(What you have to do) Every line below from the one containing "Karte Adebarweg 44, 22559 Hamburg" through the one containing "LOUIS VUITTON Monogram" is to be printed exactly, with the pictures omitted.

(Data under study)
****************************************
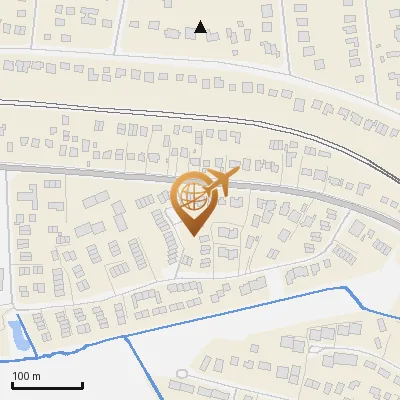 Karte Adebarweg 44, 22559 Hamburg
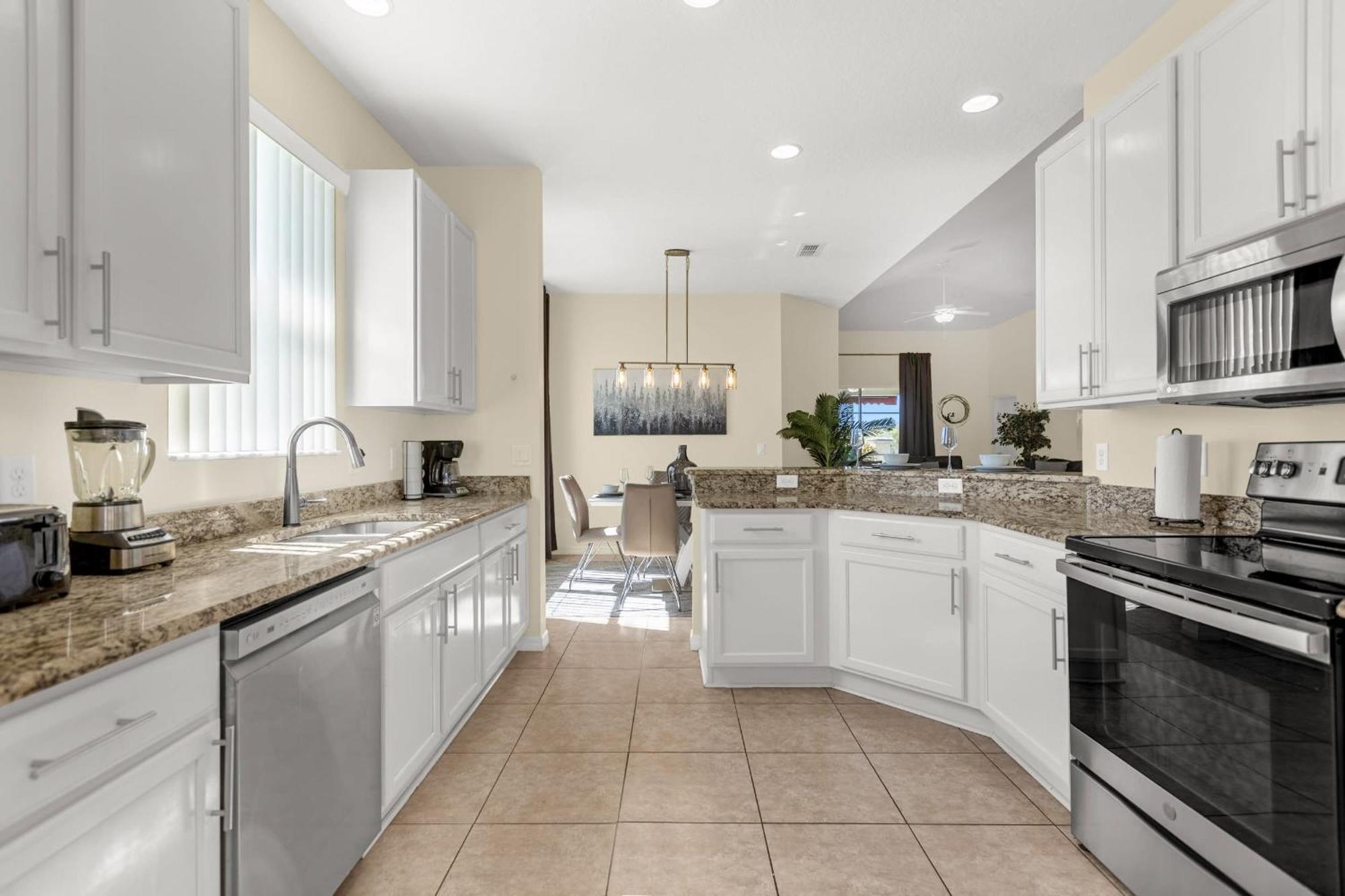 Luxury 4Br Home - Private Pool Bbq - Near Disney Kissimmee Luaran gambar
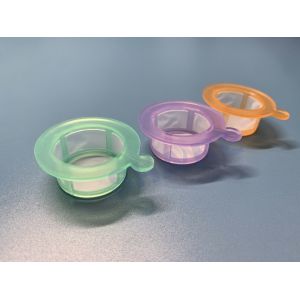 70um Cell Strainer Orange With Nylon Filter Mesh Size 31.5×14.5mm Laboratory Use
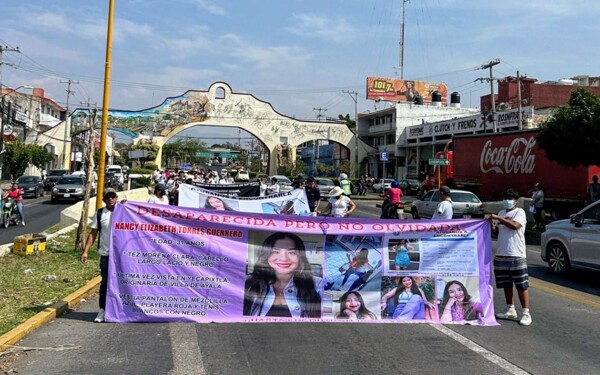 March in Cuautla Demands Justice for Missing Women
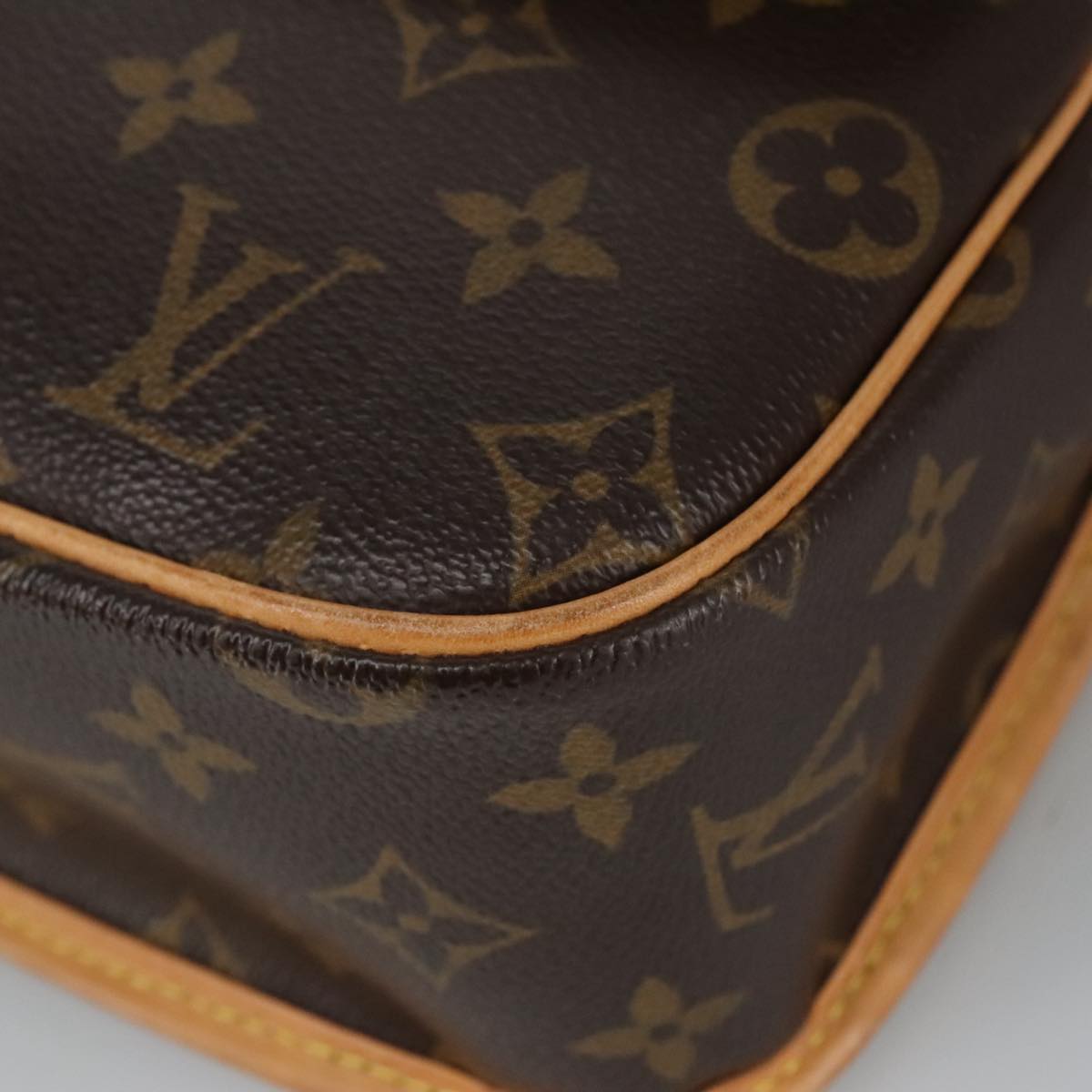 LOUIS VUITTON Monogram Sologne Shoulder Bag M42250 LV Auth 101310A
****************************************
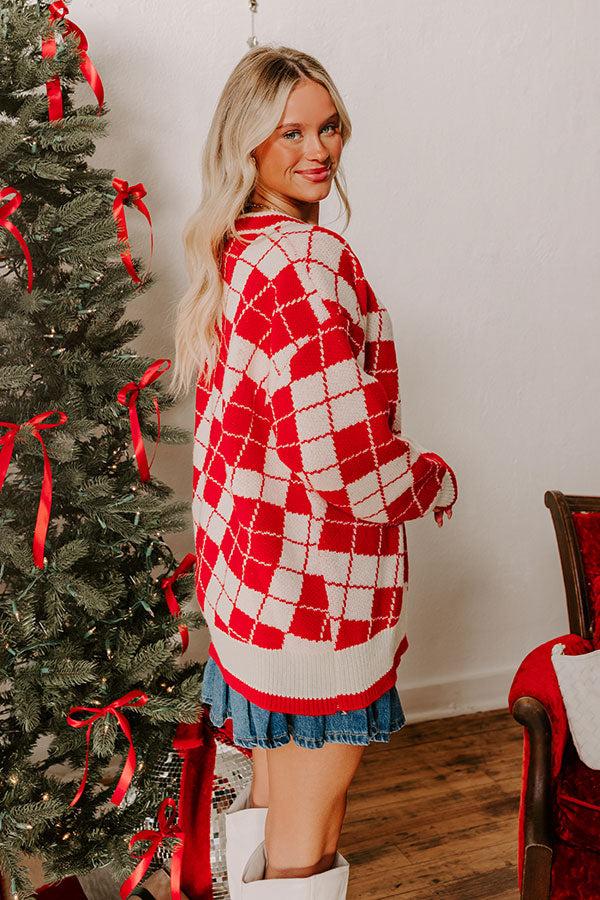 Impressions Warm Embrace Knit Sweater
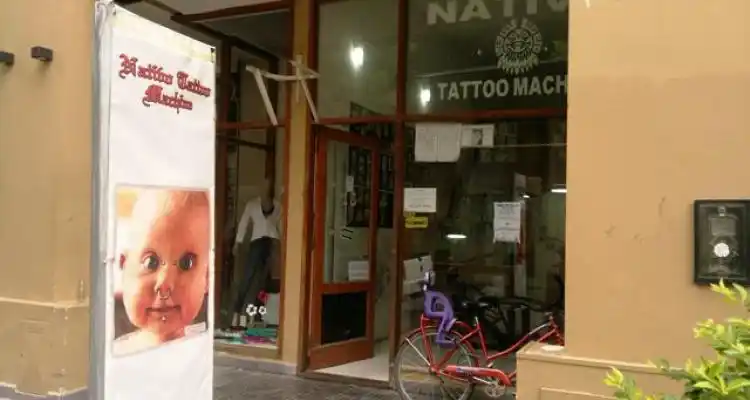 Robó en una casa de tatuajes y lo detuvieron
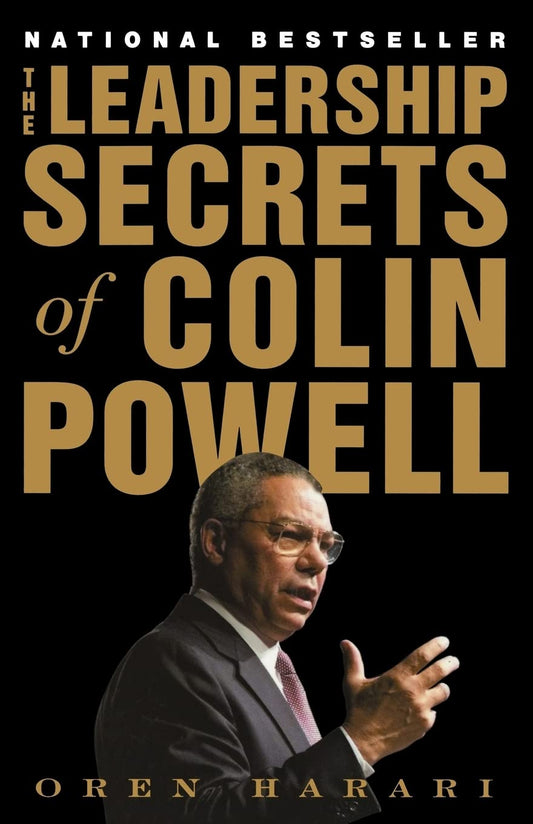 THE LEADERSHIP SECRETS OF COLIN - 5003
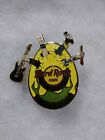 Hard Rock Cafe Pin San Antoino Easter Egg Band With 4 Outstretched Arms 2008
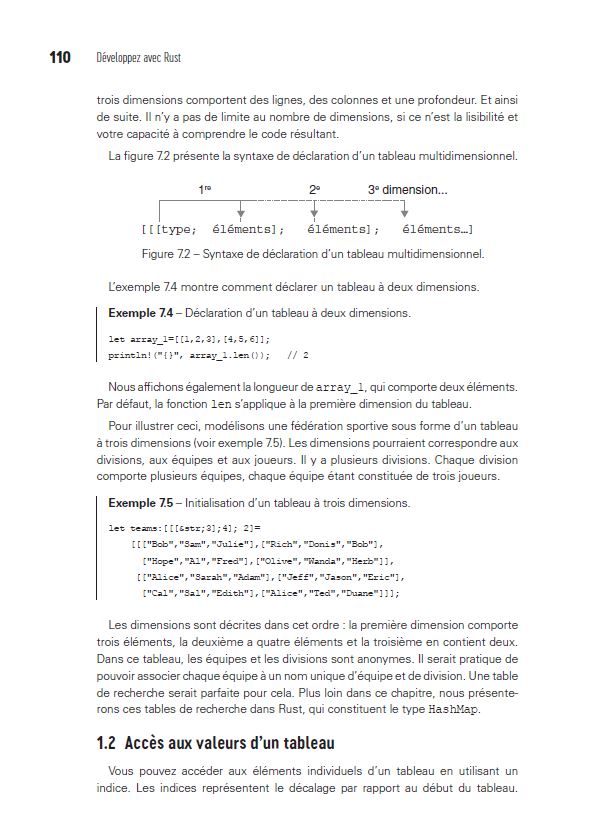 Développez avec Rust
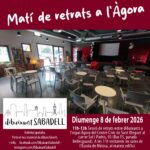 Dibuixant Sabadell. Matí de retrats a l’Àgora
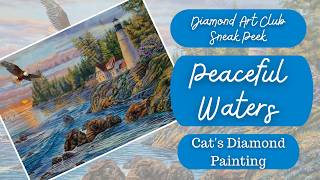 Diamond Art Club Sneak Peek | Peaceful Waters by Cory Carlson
****************************************
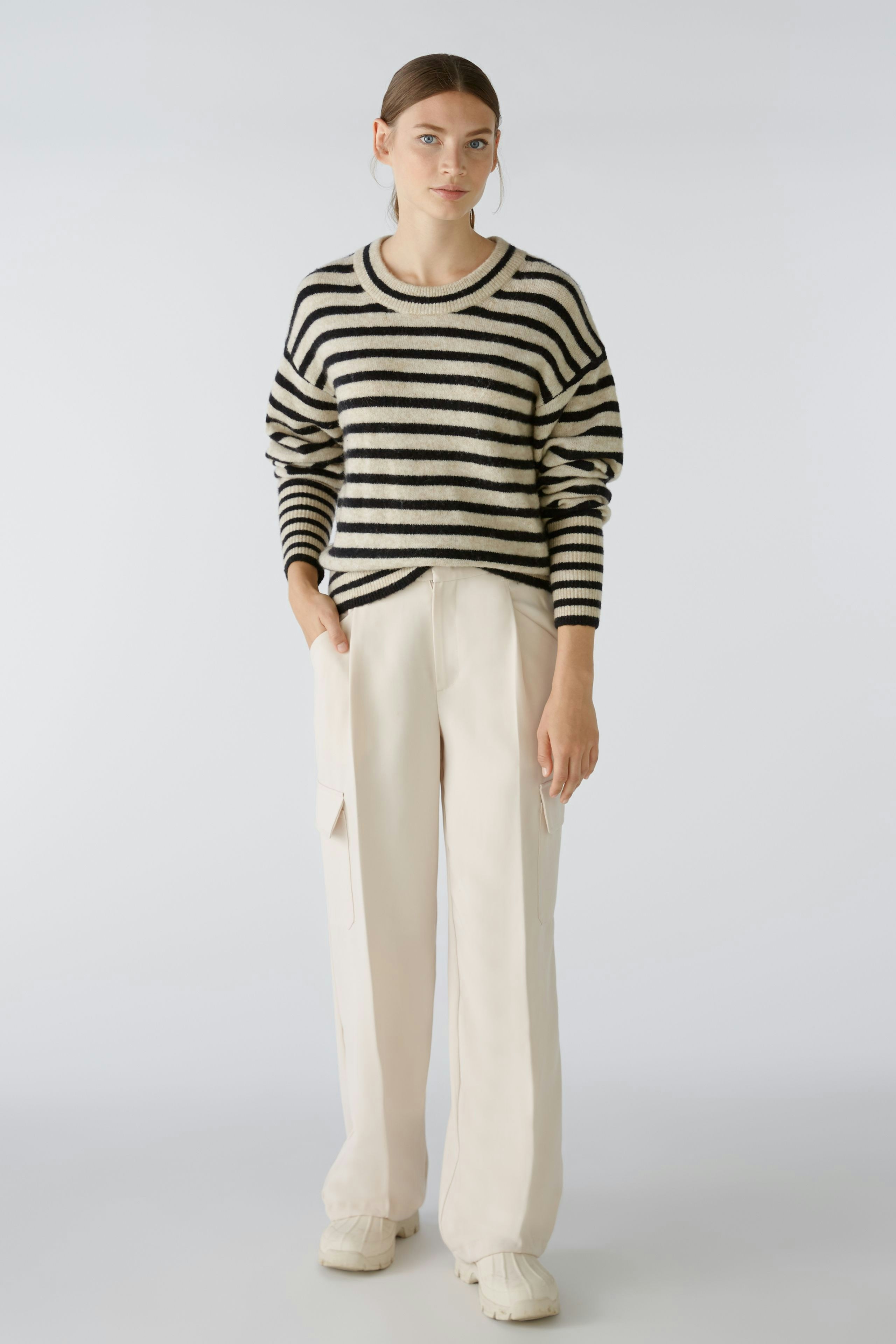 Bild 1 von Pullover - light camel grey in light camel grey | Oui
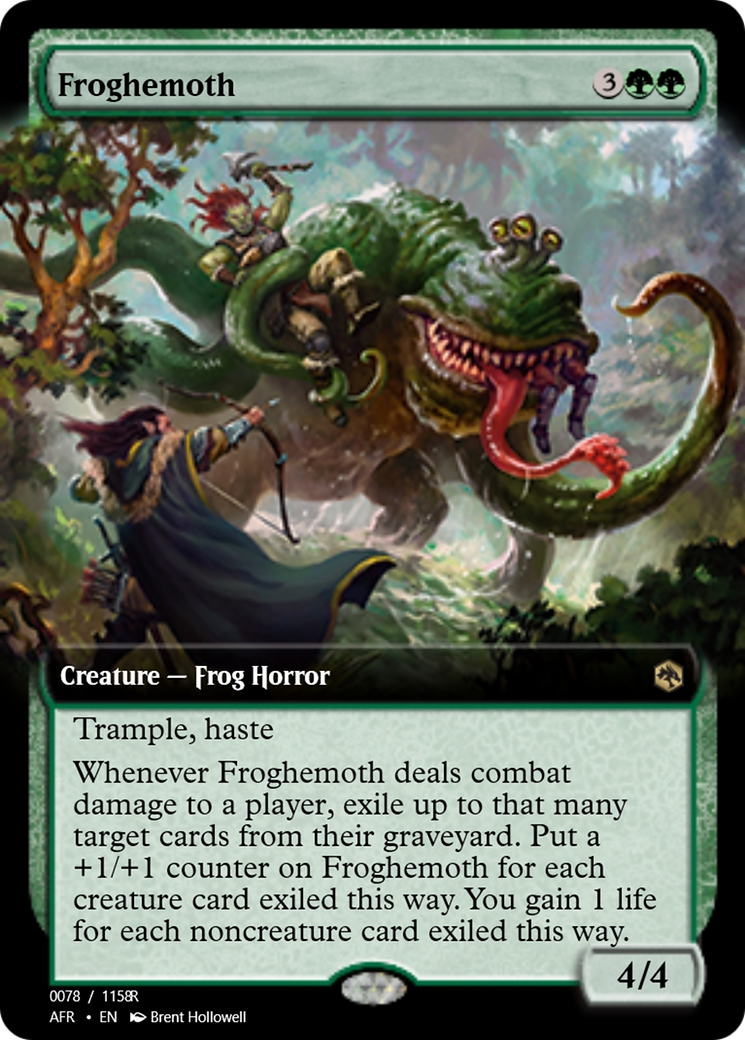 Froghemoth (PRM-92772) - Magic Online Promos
****************************************
(Answer to the problem)
 Karte Adebarweg 44, 22559 Hamburg
 Luxury 4Br Home - Private Pool Bbq - Near Disney Kissimmee Luaran gambar
 70um Cell Strainer Orange With Nylon Filter Mesh Size 31.5×14.5mm Laboratory Use
 March in Cuautla Demands Justice for Missing Women
 LOUIS VUITTON Monogram Sologne Shoulder Bag M42250 LV Auth 101310A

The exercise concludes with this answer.